注: 2024-10-01 までの経緯についてはおそらく一番まとまったこちらの記事を先に参照することを推奨します。
WordPress と WP Engine の闘争、というか Matt (Automattic) による WP Engine への扇動的かつ一方的な攻撃が話題となっている。日本語圏はなぜか暢気なものだが、今回の件は非常に重大であり、WordPress の歴史において分岐点になりかねない。少なくとも Reddit ではそれなりに紛糾しているようだ。
広く同意が得られる見解ではないかもしれないが、個人的にはかなり以前から Matt Mullenweg による WordPress の私物化・私有化の傾向を感じていた。彼の保有する Automattic はフリーミアムな商売をする企業の見本のようなもので、これらの企業はしばしばオープンソースの理念を曲解・援用することがある。確かに彼らは自らの OSS に多大な貢献をしているが、動機は営利に過ぎない。彼らが発言するときに OSS 利用者などコミュニティの同意や意思は必ずしも含まれない。彼らは自分たちの利益とオープンソースの理念を混同して発言する。意図的であればまだマシで、確信犯の場合は改善が望めない。
ともかく整理すると:
- WP Engine の貢献が少ない、という主張はまあ妥当。俺の作った商売道具を勝手に使うな程度の意味でしかないが。
- WP Engine に “WP” は WordPress を想起させるから使用するな、という主張は WordPress.com の存在を考えると公平性に欠ける。

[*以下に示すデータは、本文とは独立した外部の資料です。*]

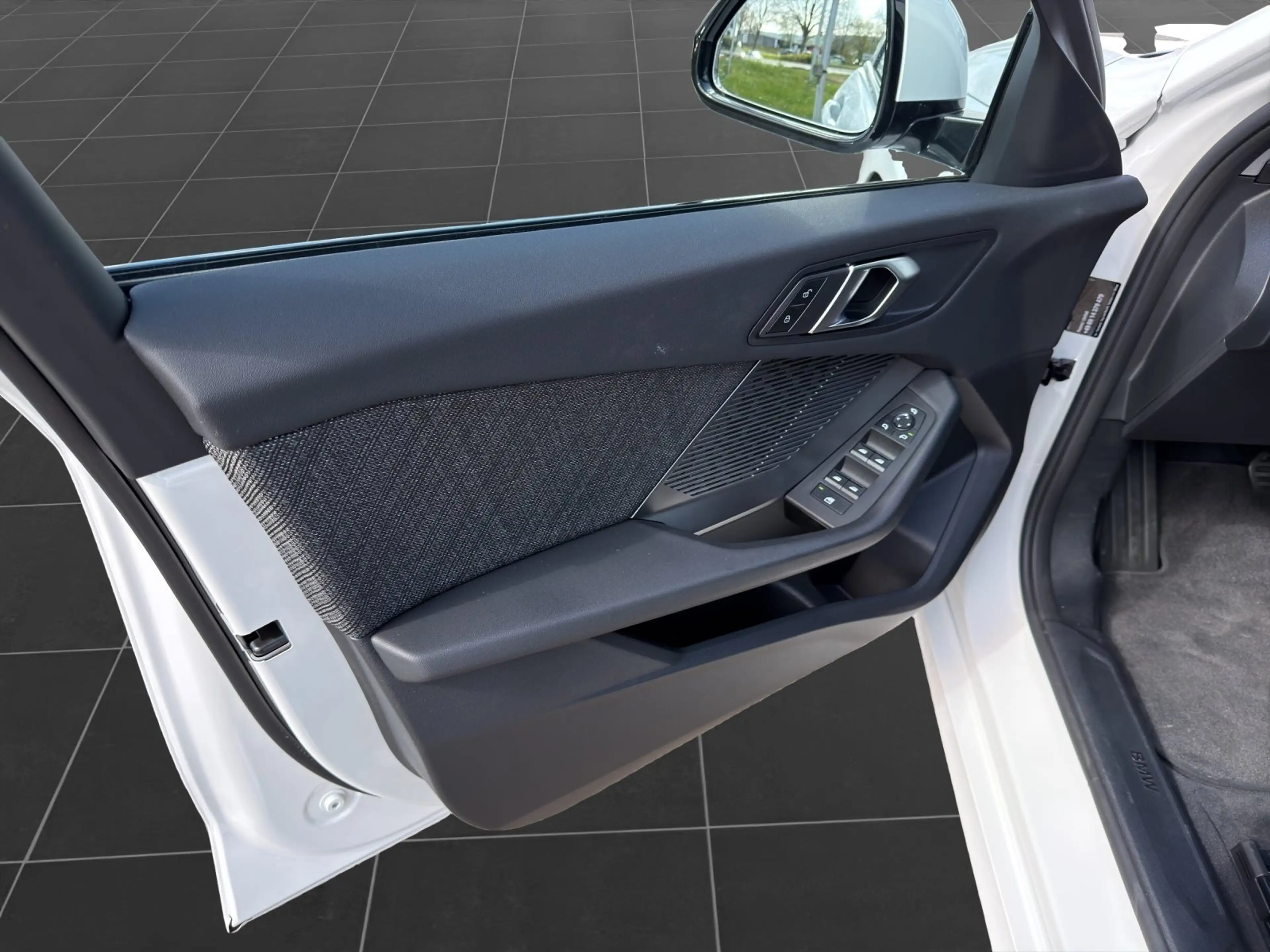 BMW 120 Hatch 17" / Keyless / DAB / DrivAss / ParkAss / LE — photo 10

WordPress.com が特別扱いされる理由は? コミュニティが (既成事実でなく、また事実上選択肢のない議題としてでもなく) 支持した事?
- WordPress.org から WP Engine を ban したのは疑いなく危険、Matt Mullenweg が WordPress における独裁者であると宣言したようなもの。
- JetPack から WP Engine を ban したのであれば、WordPress.org === Matt (Automattic) である強い証拠になる。
もっと進めると:
- 特定個人の機嫌を損ねただけでコミュニティの議論を待たずに WordPress.org から排除される可能性がある。

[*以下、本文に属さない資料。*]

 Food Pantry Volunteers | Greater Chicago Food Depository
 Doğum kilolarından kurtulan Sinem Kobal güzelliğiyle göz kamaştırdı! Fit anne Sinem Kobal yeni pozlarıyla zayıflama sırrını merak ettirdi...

- WordPress は特定のプラグイン (WP Engine の保有する Advanced Custom Fields など) を破壊する方向に進むことができる。
時系列 (なるべく UTC 基準):
- 2003 年、Matt Mullenweg が b2/Cafelog から WordPress をフォーク。

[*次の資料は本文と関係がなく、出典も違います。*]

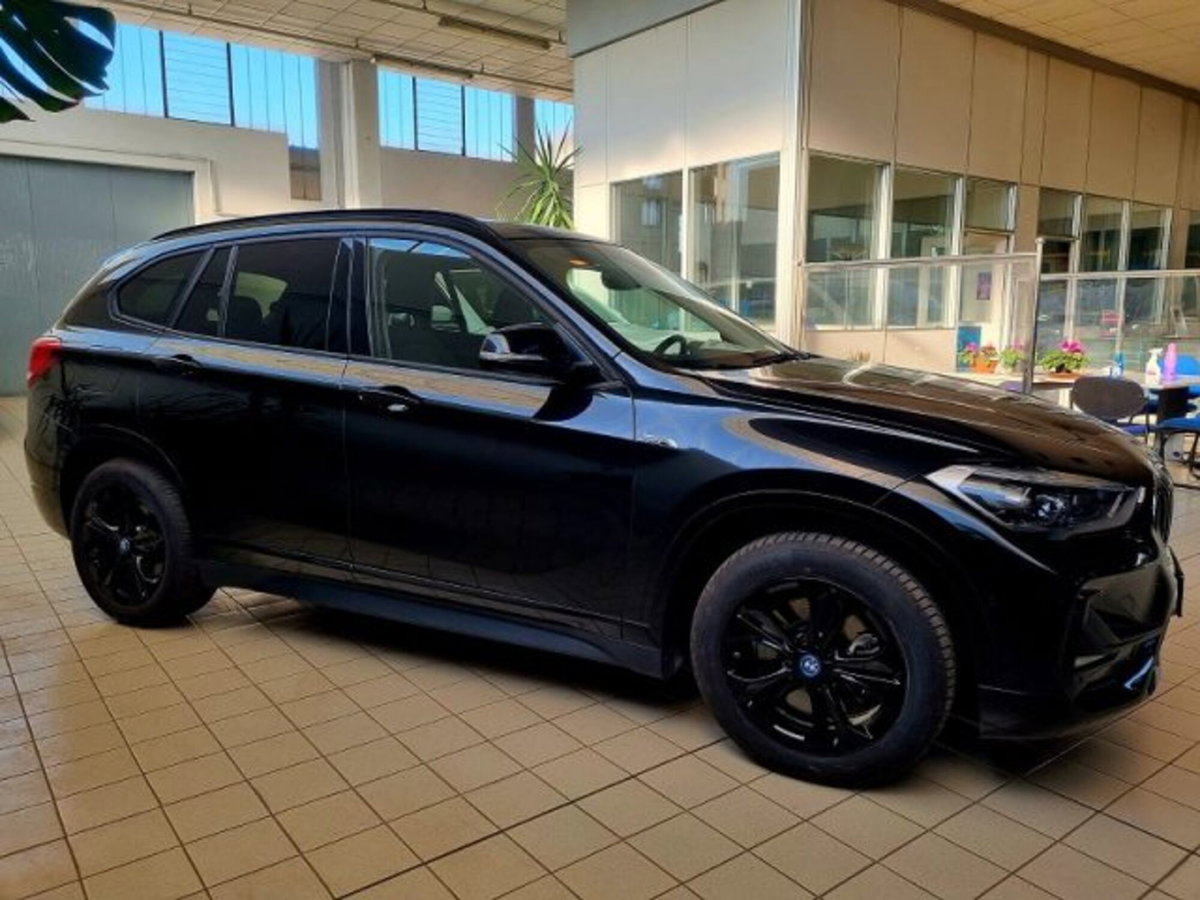 BMW X1 xDrive25e Business Advantage (4)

- 2005 年、Matt Mullenweg は WordPress と関連プロジェクトに専念するために Automattic を設立。
- 2010 年、非営利団体 WordPress Foundation が設立される。
- 商標を含む WordPress のすべての知的財産は WordPress Foundation に譲渡される。WordPress Foundation は Automattic にすべての商標を商業的に利用する独占権 (他社へのサブライセンスなども含む) を与えているようだ。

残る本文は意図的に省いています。